A North Texas city that sits atop a natural gas reserve is preparing for an extended court battle after voters made it the first in the state to ban further hydraulic fracturing -- a fight that cities nationwide considering similar laws will likely be watching closely.
An industry group and the state's little-known but powerful General Land Office responded quickly to the measure Denton approved Tuesday night, seeking an injunction in District Court to stop it from being enforced.
Battling the fracking ban will be Texas Land Commissioner-elect George P. Bush's first fight. The founding partner of an energy and infrastructure consultancy, Bush promoted the economic benefits of hydraulic fracturing, or fracking, throughout his campaign.
The ban could have a domino effect in Texas, threatening an "energy renaissance" in shale resources accessed with the drilling technique, said David Porter, a commissioner on the Texas Railroad Commission, the state's oil and gas regulator.
The latest news from around North Texas.
Scores of cities in other states have considered similar bans over health and environmental concerns. Measures aimed at restricting fracking passed Tuesday in Athens, Ohio, and California's San Benito and Mendocino Counties, but failed elsewhere in those states.
The proposal in Denton, a university town about 40 miles north of Dallas, was a litmus test on whether any community in Texas -- the nation's biggest oil and gas producer -- could rebuff the industry and still thrive.
The courts must "give a prompt and authoritative answer" on whether Denton voters had the authority to ban fracking, Texas Oil and Gas Association attorney Tom Phillips, a former chief justice of the Texas Supreme Court, said Wednesday.
"We believe the city of Denton lacks authority to ban the only commercially viable method of producing oil and gas in their locality," he said.
Lori Glover, the co-chair of the Sierra Club in Big Bend, made a presentation to the Alpine City Council in southwest Texas in July, asking it to preemptively ban fracking. If the ban holds up in Denton, it will likely create a precedent that makes it easier to pass a similar law in Alpine, she said.
"What happened in Denton shows people that it can be done," Glover said Wednesday, adding that the area around Big Bend is fracking's "last frontier" in Texas.
Industry groups have warned the ban could deliver a severe hit to Denton's economy. The gas fields under it have produced $1 billion in mineral wealth and pumped more than $30 million into city bank accounts.
Denton's city attorney is reviewing the petition and has said the City Council has as much as $4 million in a risk fund to combat legal challenges, according to city spokeswoman Lindsey Baker.

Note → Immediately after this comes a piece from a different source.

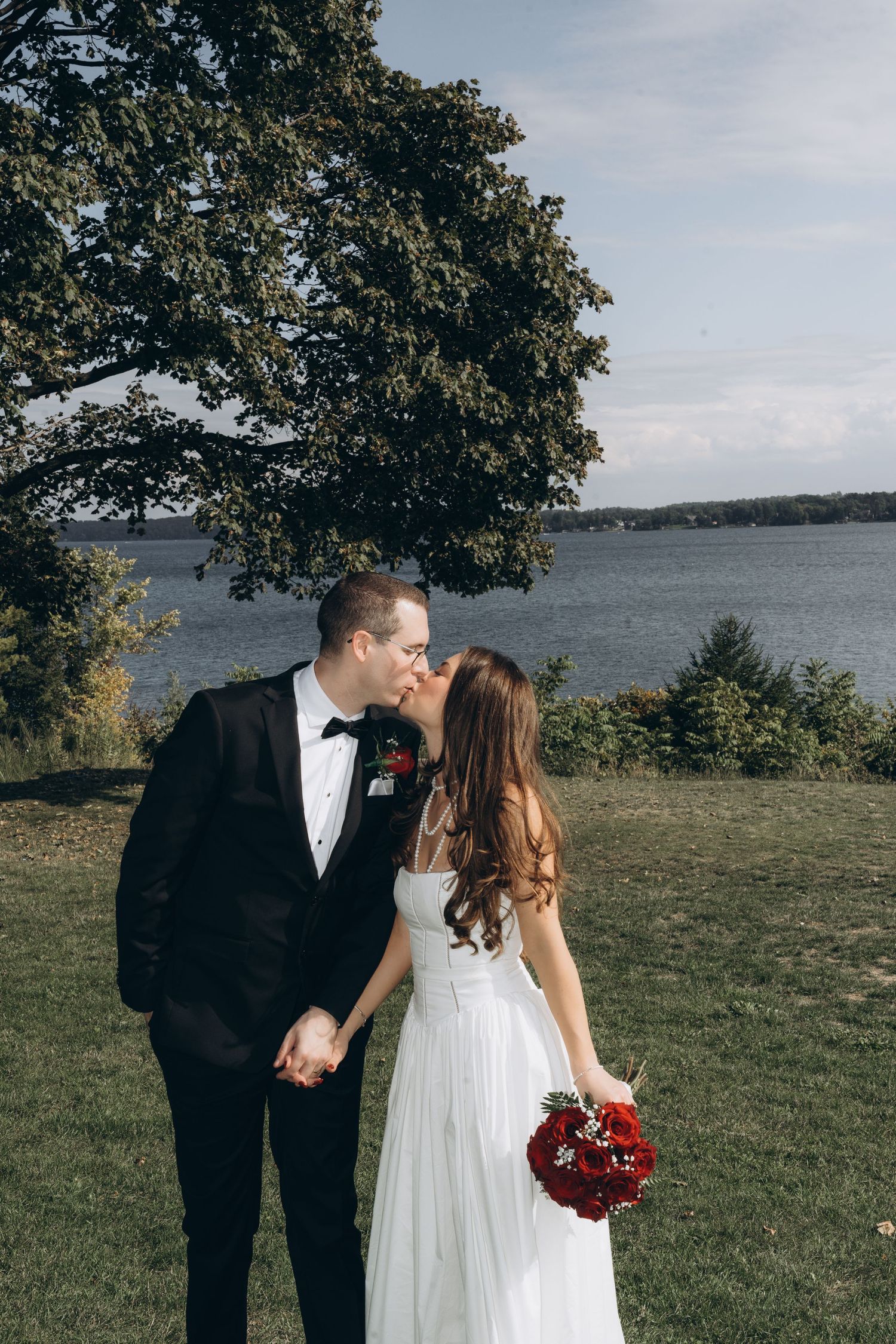 A couple in wedding attire share a romantic moment on a grassy hillside overlooking a serene lake.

Pro-bono environmental attorneys have offered Denton Drilling Awareness Group, which submitted the petition for a fracking ban ordinance in June, assistance in the case.
"We're in it for the long haul," said founder Cathy McMullen.

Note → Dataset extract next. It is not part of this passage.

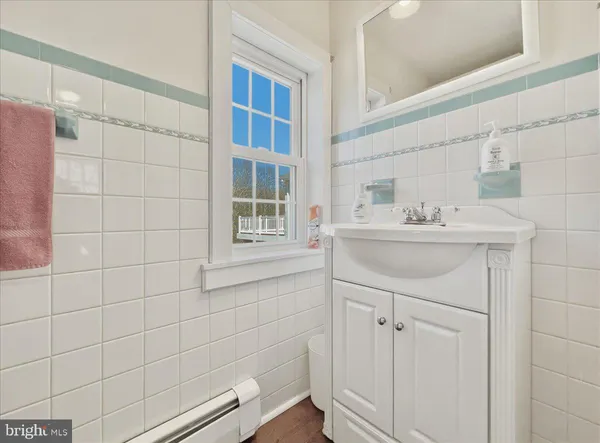 a kitchen with cabinets appliances and a window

Property rights in Texas are split between the land and the minerals below. Phillips says the ban violates the Texas Constitution. Baker says that's for the courts to decide.

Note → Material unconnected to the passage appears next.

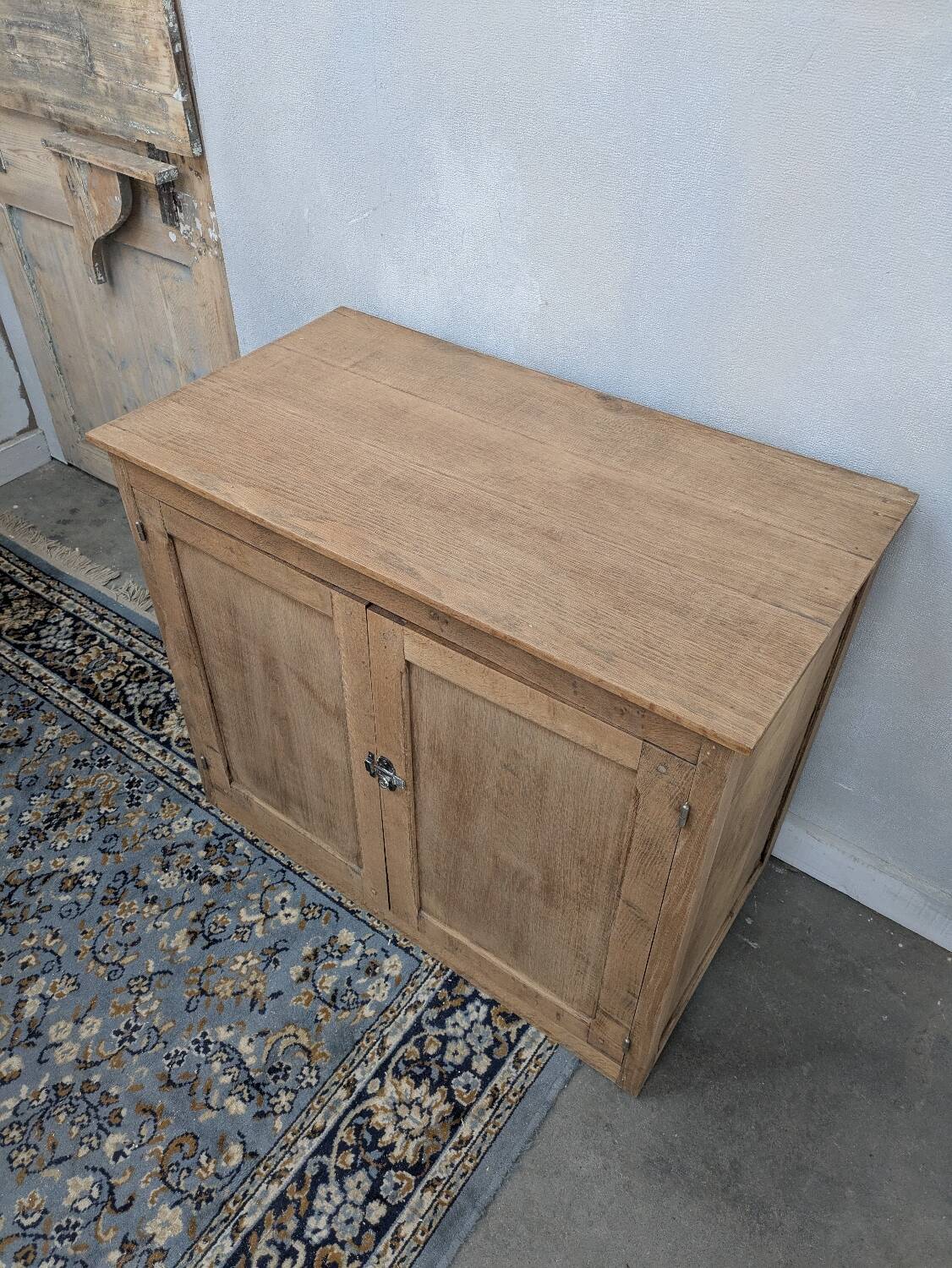 Small raw wood sideboard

Nationally, courts have come down on both sides of the issue.
New York's highest court determined that local governments have land-use powers to say where oil and gas wells can be located, even to the extent of an outright ban. A judge in Boulder ruled that a fracking ban interfered with the state's interests, which take precedence in Colorado.
Fracking involves blasting a mix of water, sand and chemicals deep into underground rock formations to release trapped oil and gas. The push to limit fracking got a boost in June when Frack Free Denton submitted a petition to the City Council with enough signatures to force a vote.
Because the council rejected it, the measure went to a public vote.
Supporters of the measure had raised only a fraction as much as opponents by the end of October, according to the city secretary's political campaign reports.